[Brief descriptive captions]
%%
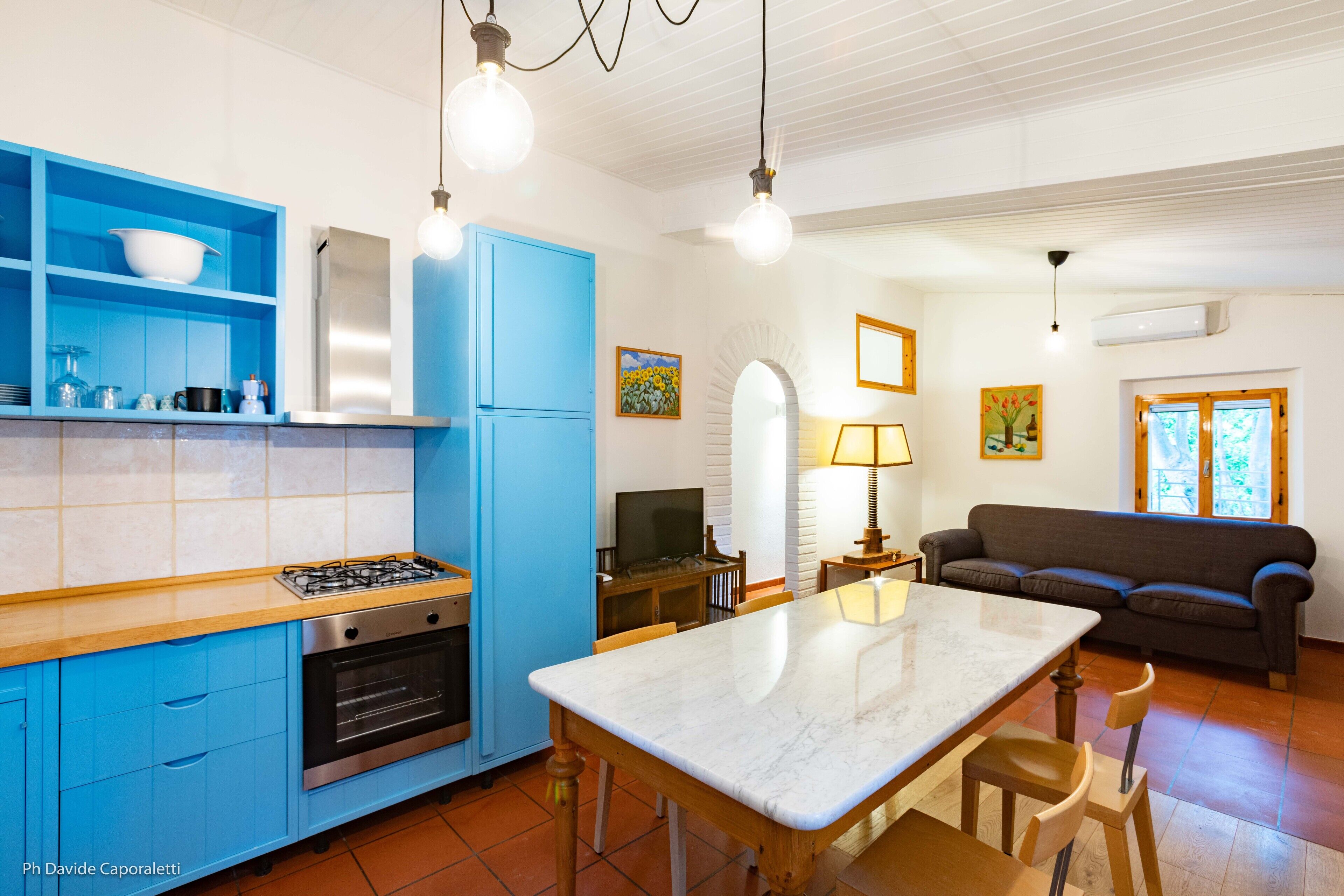 Una cocina moderna con armarios azules, una isla de mármol y una zona de comedor con sofá y lámpara.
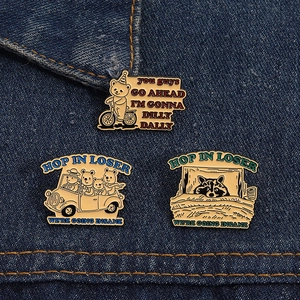 Detailed close-up of three enamel bear pins with humorous quotes on denim background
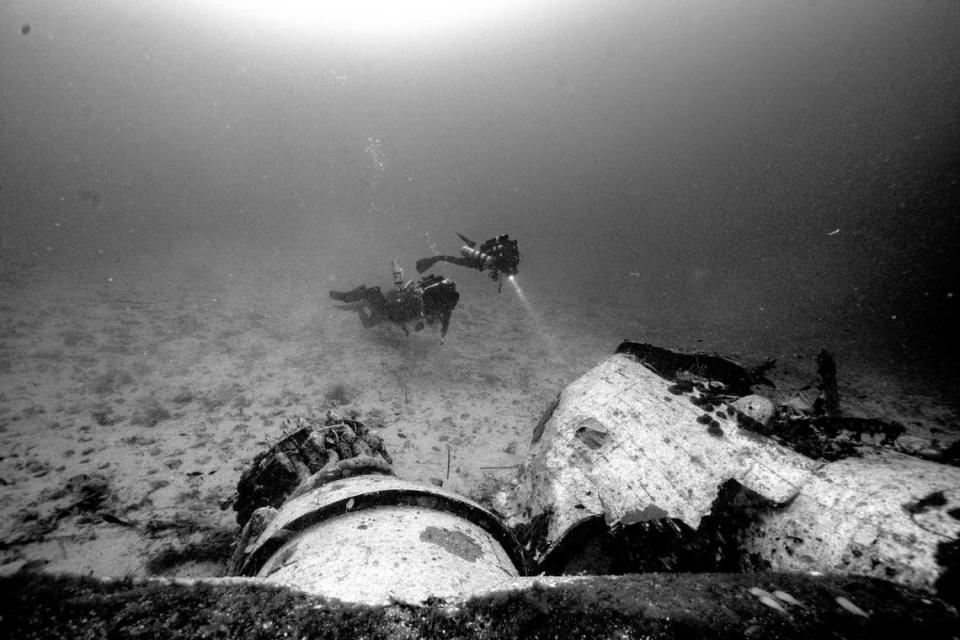 Divers near the B-24 Liberator wreck during excavations in 2018 to 2019.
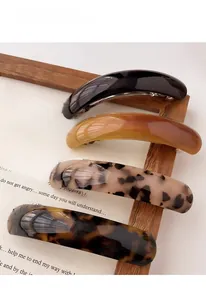 Macro shot of minimalist acrylic spring hair clips in four elegant tortoiseshell colors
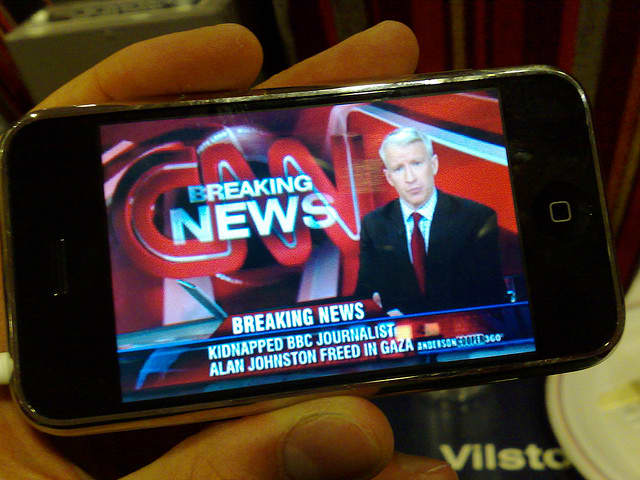 An iconic image of a breaking news broadcast is displayed on the smartphone.
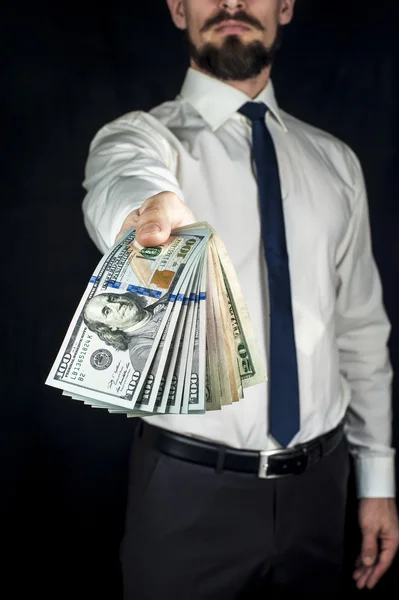 Zakenman die houdt een prop van geld, ons dollar biljetten. Financieel thema. — Stockfoto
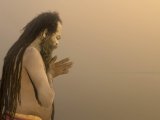 Varanasi, Sadhu prays to the rising sun at dawn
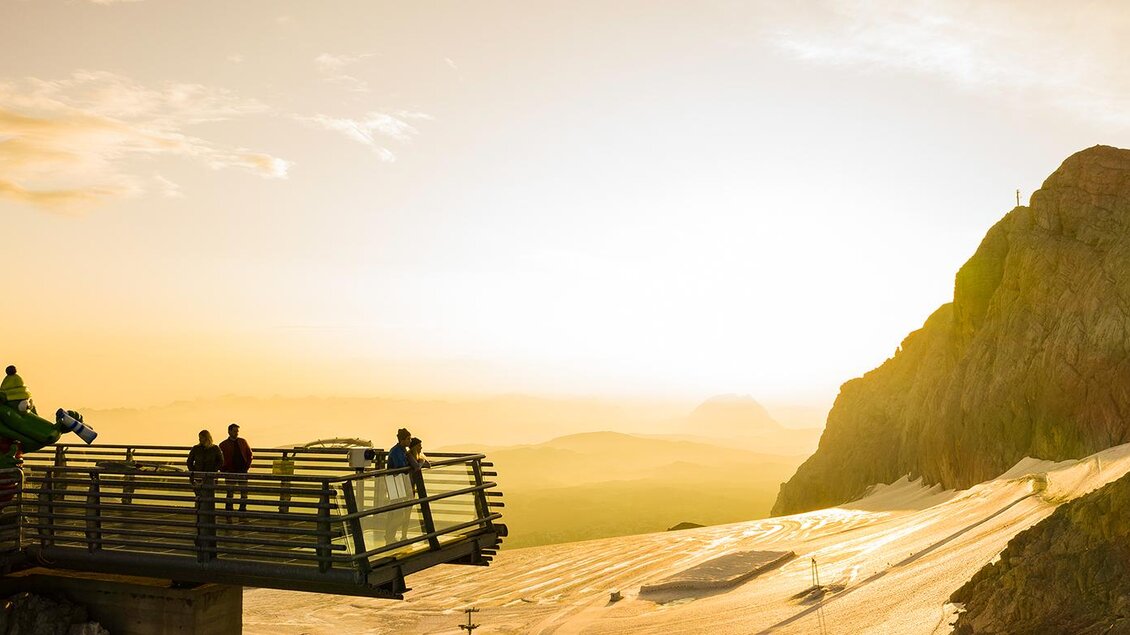Eine Aussichtplattform mit mehreren Personen bietet einen Blick auf eine beeindruckende Berglandschaft. Im Hintergrund leuchtet die untergehende Sonne am Horizont. | © Johannes Absenger
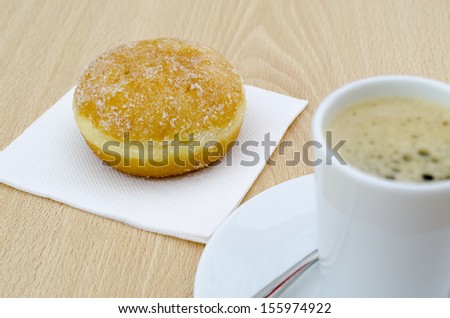 a glazed donut next to a cup of coffee in a  cup in table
%%
*TASK REQUIREMENTS:* For this exercise, repeat word for word only the lines from the one containing "Divers near the" through the end of the data, including both. Pictures do not go in the copy.

*EXERCISE OUTPUT:*
 Divers near the B-24 Liberator wreck during excavations in 2018 to 2019.
 Macro shot of minimalist acrylic spring hair clips in four elegant tortoiseshell colors
 An iconic image of a breaking news broadcast is displayed on the smartphone.
 Zakenman die houdt een prop van geld, ons dollar biljetten. Financieel thema. — Stockfoto
 Varanasi, Sadhu prays to the rising sun at dawn
Eine Aussichtplattform mit mehreren Personen bietet einen Blick auf eine beeindruckende Berglandschaft. Im Hintergrund leuchtet die untergehende Sonne am Horizont. | © Johannes Absenger
 a glazed donut next to a cup of coffee in a  cup in table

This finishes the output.